● **What this task involves**
From the line containing "Салфетки для уборки" to the end of the data, retype every line exactly and nothing else. Drop the pictures.

--- Given data Enclosed Below ---

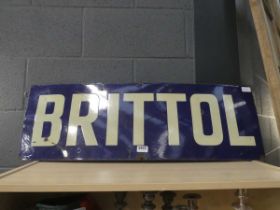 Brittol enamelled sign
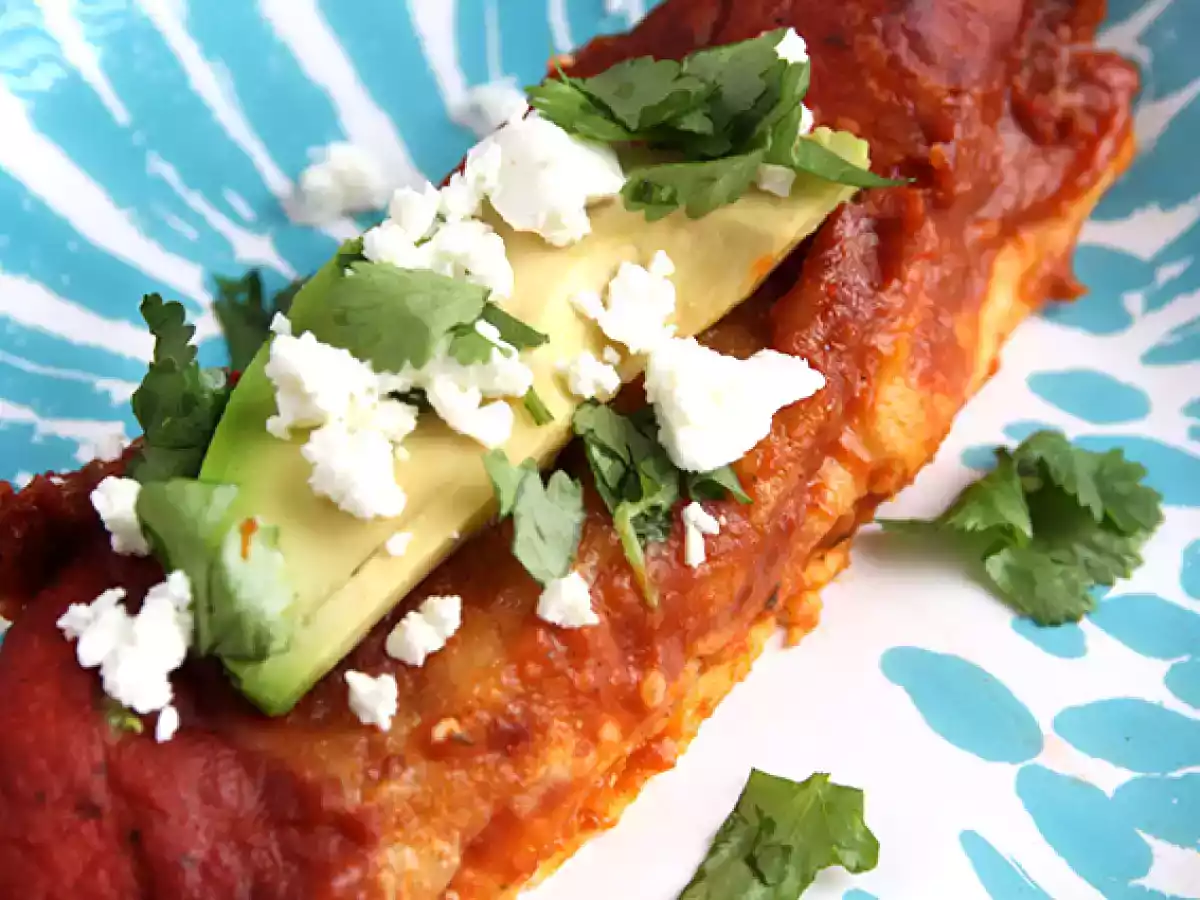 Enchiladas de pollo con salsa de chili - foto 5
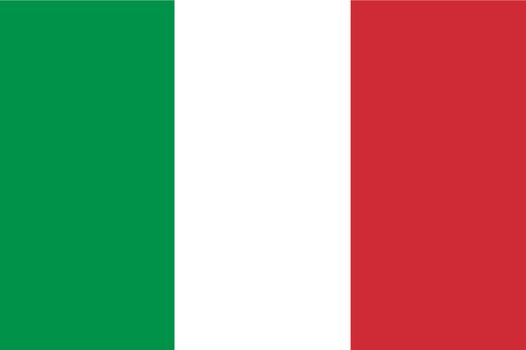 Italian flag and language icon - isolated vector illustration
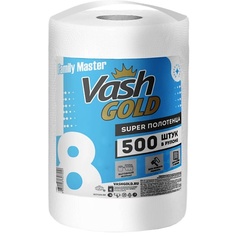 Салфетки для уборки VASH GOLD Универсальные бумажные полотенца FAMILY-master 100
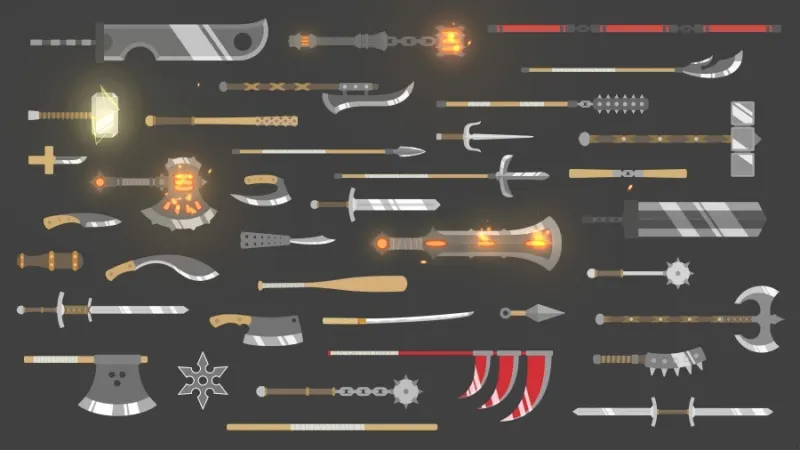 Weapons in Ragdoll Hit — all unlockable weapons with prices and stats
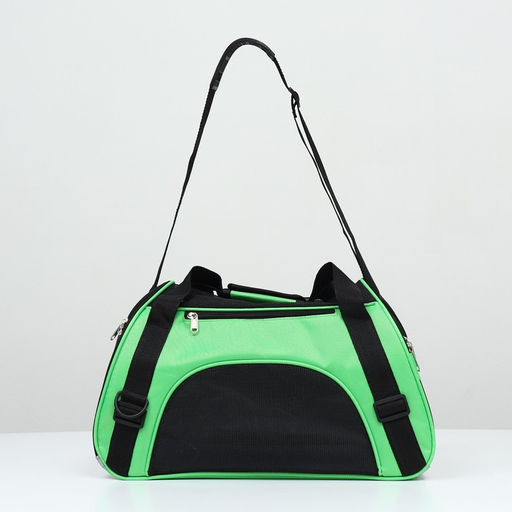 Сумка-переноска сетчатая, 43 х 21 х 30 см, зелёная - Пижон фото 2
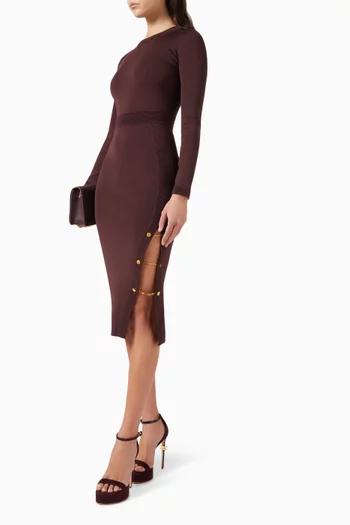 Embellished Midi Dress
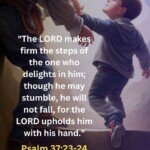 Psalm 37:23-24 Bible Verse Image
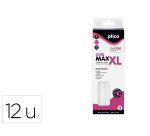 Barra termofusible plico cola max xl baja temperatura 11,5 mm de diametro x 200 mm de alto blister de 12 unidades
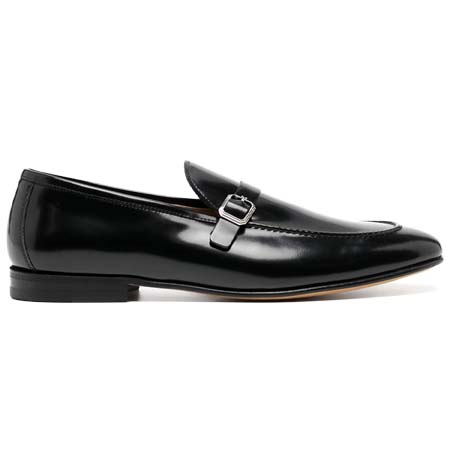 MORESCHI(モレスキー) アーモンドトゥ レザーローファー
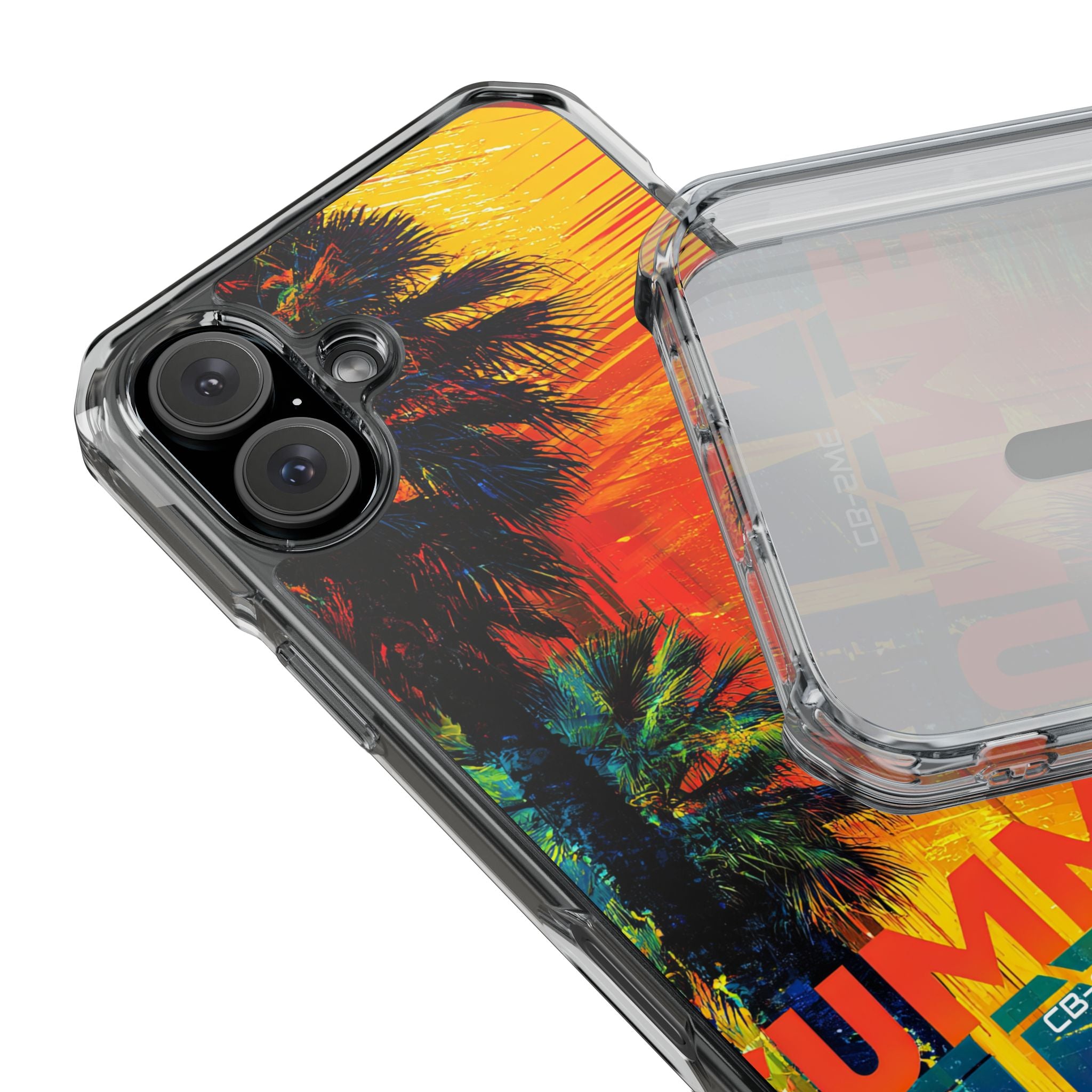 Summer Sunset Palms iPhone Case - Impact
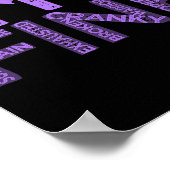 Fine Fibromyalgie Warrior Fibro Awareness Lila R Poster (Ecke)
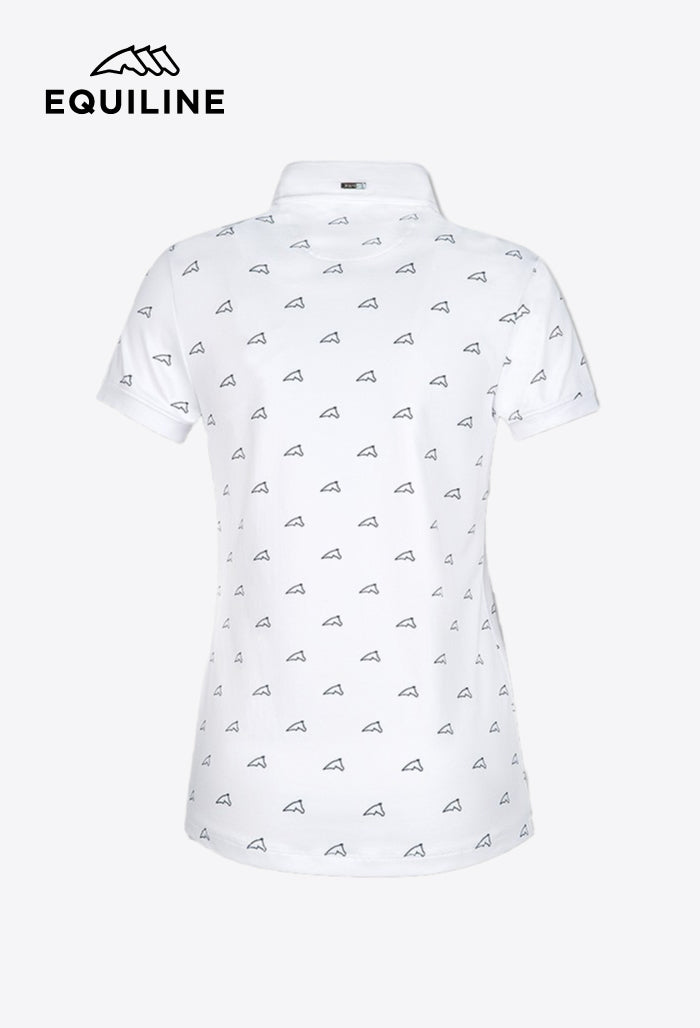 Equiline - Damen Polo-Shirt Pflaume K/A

--- End of Enclosed Given data ---

● **Output for this exercise**
 Салфетки для уборки VASH GOLD Универсальные бумажные полотенца FAMILY-master 100
 Weapons in Ragdoll Hit — all unlockable weapons with prices and stats
 Сумка-переноска сетчатая, 43 х 21 х 30 см, зелёная - Пижон фото 2
 Embellished Midi Dress
 Psalm 37:23-24 Bible Verse Image
 Barra termofusible plico cola max xl baja temperatura 11,5 mm de diametro x 200 mm de alto blister de 12 unidades
 MORESCHI(モレスキー) アーモンドトゥ レザーローファー
 Summer Sunset Palms iPhone Case - Impact
 Fine Fibromyalgie Warrior Fibro Awareness Lila R Poster (Ecke)
 Equiline - Damen Polo-Shirt Pflaume K/A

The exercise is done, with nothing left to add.